Prozesse

Ex-Partner nach Mord an dreifacher Mutter festgenommen

06. Mai 2026 , 15:22 Uhr

Seit Monaten läuft in Augsburg ein spektakulärer Mordprozess. Der Angeklagte soll eine dreifache Mutter mit mehreren Kopfschüssen umgebracht haben. Nun gibt es in den Fall eine weitere Festnahme.

Rund ein Jahr nach dem Mord an einer dreifachen Mutter in Augsburg ist ein weiterer Verdächtiger festgenommen worden. Die Frau war mit vier Kopfschüssen in ihrer Wohnung umgebracht worden. Bereits seit Februar muss sich ein 30 Jahre alter Mann, der die Mutter getötet haben soll, wegen Mordes vor dem Augsburger Landgericht verantworten.

Bei dem nun festgenommenen Mann handelt sich um den früheren Lebenspartner der getöteten 30-Jährigen, wie Polizei und Staatsanwaltschaft mitteilten. Aufgrund neuer Ermittlungen und der Erkenntnisse aus dem laufenden Prozess sei von der Staatsanwaltschaft ein Haftbefehl wegen des Verdachts der Anstiftung zum Mord gegen den 43 Jahre alten Ex-Lebensgefährten des Opfers beantragt worden. 

Der Mann sei am Dienstag bei sich zu Hause festgenommen worden und befinde sich jetzt in Untersuchungshaft. Zunächst hatte die «Augsburger Allgemeine» über die Festnahme berichtet.
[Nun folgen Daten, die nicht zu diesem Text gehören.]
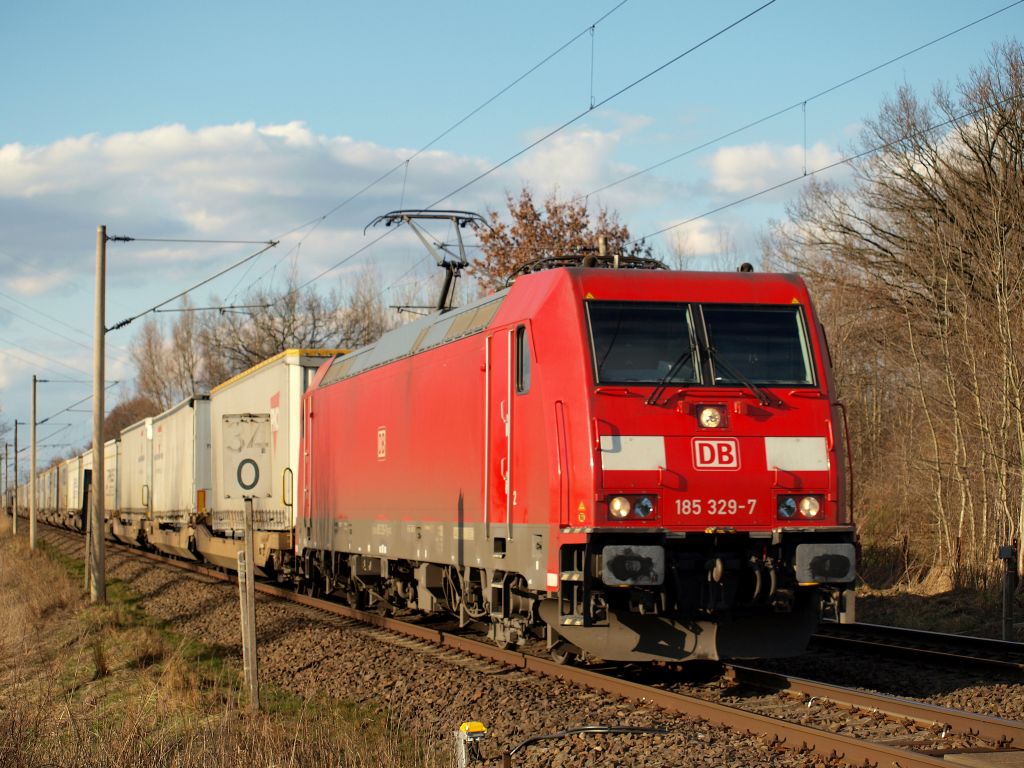 Beim Erkunden vom Bullendorfer Umland bin ich auf die Hauptstrecke Hamburg-Kiel/Flensburg gestoen. Kaum angekommen donnerte 185 329-7 mit einem  PNO/Rhenus/Ewalds KLV  durch Elmshorn B Grenzweg.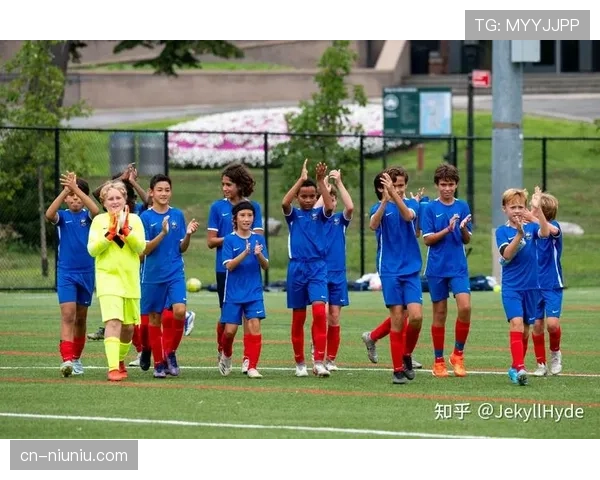 法国足球青训学院改革:技术培训与学术教育结合,培养新一代全面发展的职业球员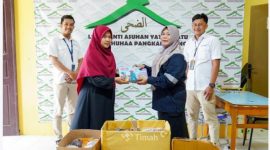 Karyawan PT Timah serahkan barang layak pakai ke Panti Asuhan Yatim Piatu Adh Dhuhaa, Kecamatan Gerunggang, Pangkalpinang | Foto: Zonamu/Humas PT Timah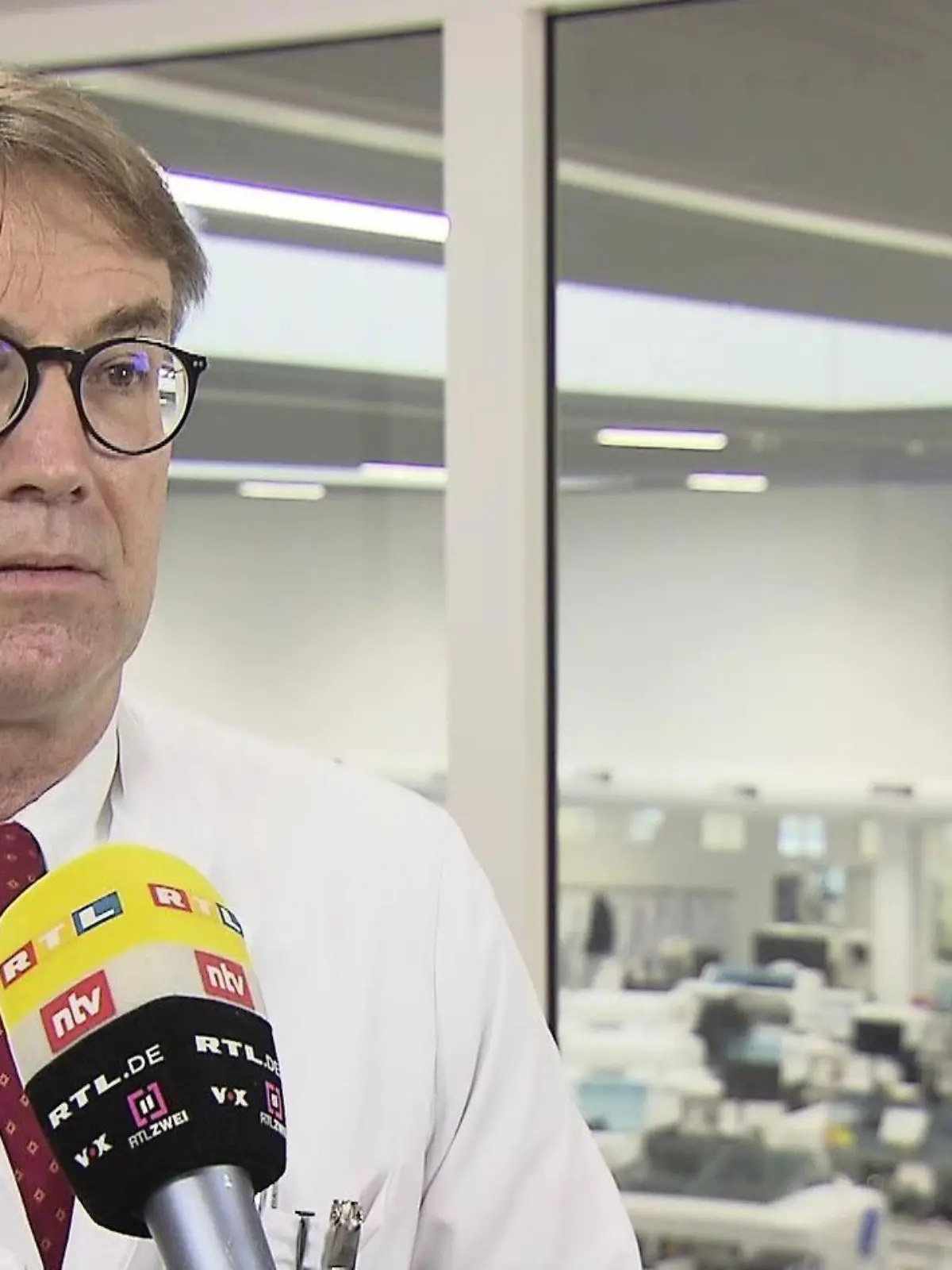Dr. Zinn im RTL-Interview.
Kinder mussten Mord an ihrer Mutter miterleben

Der vor Gericht stehende 30-Jährige soll der Ziehsohn des Ex-Partners der Frau sein. Der Angeklagte soll am 19. Mai des vergangenen Jahres spätabends heimlich in die Wohnung der 30-Jährigen eingedrungen sein und die Mutter praktisch hingerichtet haben. 

Die Frau hatte drei kleine Kinder. Ein Sohn und eine Tochter waren während der Tat in dem Haus und mussten das schreckliche Geschehen miterleben. Die Tochter fand die blutüberströmte Mutter und alarmierte über eine Verwandte die Polizei. Die Neunjährige musste auch in dem Strafverfahren aussagen.

Nach Angaben der Ermittler hatte sich die Frau im April 2025 im Streit von dem Ziehvater getrennt. Danach soll er den Angeklagten wie einen Detektiv auf die Frau angesetzt haben, um sie auszuspionieren. Der angeklagte 30-Jährige hat über seine Anwälte erklären lassen, dass er die Frau nicht erschossen habe. Ansonsten schweigt er weitgehend in dem Verfahren.

Laut dem Richter könnte es sich um einen Auftragsmord handeln

Dass der 43-Jährige mit dem Verbrechen an der Frau etwas zu tun haben könnte, war von Verfahrensbeobachtern lange vermutet worden. Die Strafkammer sorgte zwischenzeitlich für einen Paukenschlag, indem der Vorsitzende Richter Michael Eberle darauf hinwies, dass es sich um einen Auftragsmord handeln könnte, hinter dem der frühere Partner stecken könnte. Der 43-Jährige war auch als Zeuge in dem Prozess geladen, hatte aber zu verschiedenen Fragen keine Angaben gemacht.